Modernização da Administração Pública  - Um processo complexo e exigente…

 

Não é por acaso que o esforço de modernização da Administração Pública, através de um enfoque nas necessidades dos seus "clientes", ainda não foi realizado. Esta é uma mudança que apresenta uma complexidade muito elevada:

- Elevado número de "stakeholders" envolvidos e com interesses/prioridades distintos (p.e. Administração Central; Administração Local; empresas) - esforço elevado de alinhamento dos diferentes intervenientes nas diferentes fases do processo de simplificação;

 

 

- Implicações num elevado número de processos administrativos - o enfoque no "cliente" e nos seus eventos de vida implica uma mudança de paradigma nos processos administrativos existentes e a simplificação de um conjunto alargado dos mesmos;

 

- Interoperabilidade de diferentes sistemas operativos - a desmaterialização dos serviços prestados aos "clientes" requer o desenvolvimento de uma plataforma única e "user friendly" que faça o interface com o "cliente". Esta plataforma tem de assegurar a comunicação entre os diferentes sistemas operativos dos vários serviços do Estado, sem comprometer a velocidade percepcionada pelo "cliente".

 

Neste contexto, a modernização da Administração Pública requer um elevado esforço de dinamização e mobilização dos vários intervenientes.
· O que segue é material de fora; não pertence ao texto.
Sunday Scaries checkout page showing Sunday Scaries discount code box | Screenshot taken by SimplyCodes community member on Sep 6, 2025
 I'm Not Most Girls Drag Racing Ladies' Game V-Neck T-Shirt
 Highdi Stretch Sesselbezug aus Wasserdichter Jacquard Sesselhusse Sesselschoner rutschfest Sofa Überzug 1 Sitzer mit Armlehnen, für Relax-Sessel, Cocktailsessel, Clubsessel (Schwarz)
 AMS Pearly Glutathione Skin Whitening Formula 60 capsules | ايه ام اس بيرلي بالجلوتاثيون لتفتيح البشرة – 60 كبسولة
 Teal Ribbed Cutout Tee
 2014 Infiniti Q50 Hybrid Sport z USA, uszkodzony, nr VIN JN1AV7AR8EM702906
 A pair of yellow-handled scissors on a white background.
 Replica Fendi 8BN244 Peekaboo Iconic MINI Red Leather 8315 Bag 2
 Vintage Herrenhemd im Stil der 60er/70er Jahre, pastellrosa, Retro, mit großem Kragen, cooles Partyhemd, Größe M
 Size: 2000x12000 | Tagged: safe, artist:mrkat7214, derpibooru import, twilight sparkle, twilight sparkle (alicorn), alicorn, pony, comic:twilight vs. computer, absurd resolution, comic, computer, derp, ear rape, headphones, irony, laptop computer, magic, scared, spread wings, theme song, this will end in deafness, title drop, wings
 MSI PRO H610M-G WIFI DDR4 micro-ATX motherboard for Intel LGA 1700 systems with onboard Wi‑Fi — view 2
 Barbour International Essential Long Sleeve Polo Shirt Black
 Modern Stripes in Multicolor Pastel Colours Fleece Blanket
Por outro lado, a eficácia desta modernização depende de capacidades fortes a quatro níveis:

 

1. Entendimento das necessidades dos "clientes" - permitindo assegurar a melhoria da experiência do "cliente" através da identificação dos serviços necessários nos seus diferentes eventos de vida, e o melhor canal para o disponibilizar;

 

2. Conhecimento dos "stakeholders" envolvidos e das suas necessidades - permitindo que as necessidades de informação de cada entidade sejam asseguradas, de forma que possam cumprir o seu papel de forma eficaz e eficiente;

 

3. Experiência no desenvolvimento de estratégias de digitalização - alavancando nas potencialidades da transformação digital na interacção com o "cliente", e na desmaterialização do serviço prestado, bem como na simplificação dos processos administrativos;

 

4. Experiência de gestão de projectos de elevada complexidade - permitindo o envolvimento das diferentes entidades, coordenando os diferentes módulos a desenvolver e assegurando o alinhamento dos diferentes interesses.

 

… mas, da experiência da Roland Berger, exequível

 

Assim sendo, a modernização da Administração Pública através de um enfoque no "cliente" é um processo complexo e exigente, mas a nossa experiência no acompanhamento de clientes de diferentes sectores em projectos semelhantes diz-nos que também é exequível.

 

A exemplo do que tem vindo a acontecer em sectores como o retalho ou a banca que temos vindo a apoiar nos seus processos de enfoque no cliente, é essencial garantir um forte comprometimento com a mudança e uma estrutura de projecto robusta, que garanta:

 

- Envolvimento sistemático dos diferentes "stakeholders" e do seu comprometimento com o projecto;

 

- Definição clara das actividades, calendário, objectivos e responsáveis em cada vertente de trabalho;

 

- Acompanhamento, monitorização e coordenação rigorosa dos resultados obtidos, com capacidade para implementar medidas correctivas sempre que necessário.

 

O Estado português provou ter a visão que nos permitiu estar entre os primeiros a iniciar o processo de simplificação da Administração Pública. No entanto, a modernização enfocada nas necessidades dos seus "clientes" requer também um forte comprometimento e capacidade de gestão. Estará o Estado português disponível para enfrentar este desafio?